EBIT Margin Improved Once Again
In the second quarter of financial year 2006/2007, the Group achieved
adjusted earnings before interest, taxes as well as depreciation and
amortisation (EBITDA) of EUR 28.4 million, which corresponds to a
year-on-year growth of 14.5 percent. This increase was driven, in
particular, by significant growth in the highly profitable Services
segment. The EBITDA margin was up by 1.0 percentage point at
11.1 percent. Adjusted EBIT rose by 16.7 percent to EUR 23.1 million.
The EBIT margin improved as a result by 1.1 percentage points to
9.1 percent. In a year-on-year comparison, net income after tax
increased significantly by 58.9 percent to EUR 11.6 million. Earnings
per share amount to EUR 0.54.
Industrial Cranes Segment: Notably Improved Profitability
Compared to the prior-year period, the order intake of the Industrial
Cranes segment surged by 36.5 percent to EUR 171.8 million. In addition
to the keen demand for standard and process cranes as well as drives,
this extraordinarily high order intake was partially due to a large
order of over EUR 29.1 million received outside the segment’s
core business.

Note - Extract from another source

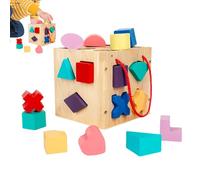 Gioco Delle Forme Per Bambini Piccoli - Gioco Legno 17 Fori Educativo Precoce | Giocattolo Apprendimento Colori,Per Bambini Bambine Asilo Scuola Homeschooling Campo Estivo Compleanno Attività Di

This order was awarded under an agency agreement still
existing with a former sister company and is expected to generate a
neutral to low gross profit. Not including this order, the segment’s
order intake still grew by a very satisfactory 13.3 percent. Sales were
up slightly by 1.2 percent at EUR 117.1 million. In relation to the
order intake, this was only a moderate sales growth, resulting largely
from supply bottlenecks in some materials. Significant sales growth over
prior-year periods is expected for the upcoming quarters. Thanks to
further cost reduction measures and an improved mix of products sold,
adjusted EBIT saw a remarkable increase of 86.2 percent compared to the
prior-year period, totalling EUR 5.4 million. The EBIT margin of
4.6 percent was 2.1 percentage points above the second quarter of
financial year 2005/2006.
Port Technology Segment: Impact on Earnings due to Supply Bottlenecks
In the second quarter of financial year 2006/2007, the new mobile
harbour cranes of Generation 5 continue to be the main drivers behind
the positive order intake in the Port Technology segment. Benefiting
from a favourable project situation, order intake increased by
8.7 percent compared to the same period of financial year 2005/2006,
reaching EUR 65.1 million. At EUR 64.4 million, sales were up by EUR 1.4
million (2.2 percent) in comparison with the same period in financial
year 2005/2006. This slower-than-expected sales development was mainly
due to supply bottlenecks and, in some cases, to delayed deliveries and
call-orders from a number of long-term agreements. Adjusted EBIT in the
period under report was 43.4 percent or EUR 2.3 million, EUR 3.0 million
below the prior-year period, representing an EBIT margin of 4.6 percent
for this segment. This low figure when compared to the same period of
the previous year was caused by supply bottlenecks and above all, by
significantly lower R & D capitalisation. In addition, the initial costs
for the launch of the series production of Generation 5 mobile harbour
cranes as well as relatively low sales activity further affected the
EBIT margin in the period under report. In the upcoming quarters, an
increase in earnings is expected, as the cause of the high initial costs
has been identified and corresponding countermeasures initiated. Also,
thanks to ongoing standardisation efforts in engineering and production,
the cost situation will also improve.
Services Segment: On-Going Strong Demand for Spare Parts and
Refurbishments
As a result of the high level of industrial activity, the highly
favourable trend of this segment continued in the second quarter of
financial year 2006/2007. Order intake at EUR 84.2 million was up a
remarkable 19.6 percent compared to the prior-year period. Especially in
the product areas of refurbishments and spare parts, considerable
increases were noted. At EUR 73.4 million, sales grew by 8.3 percent
over the prior-year period. The high share of spare parts and
refurbishments in the mix of products sold boosted adjusted EBIT by
26.5 percent to EUR 14.8 million. The EBIT margin of this segment
improved significantly by 2.9 percentage points to 20.1 percent.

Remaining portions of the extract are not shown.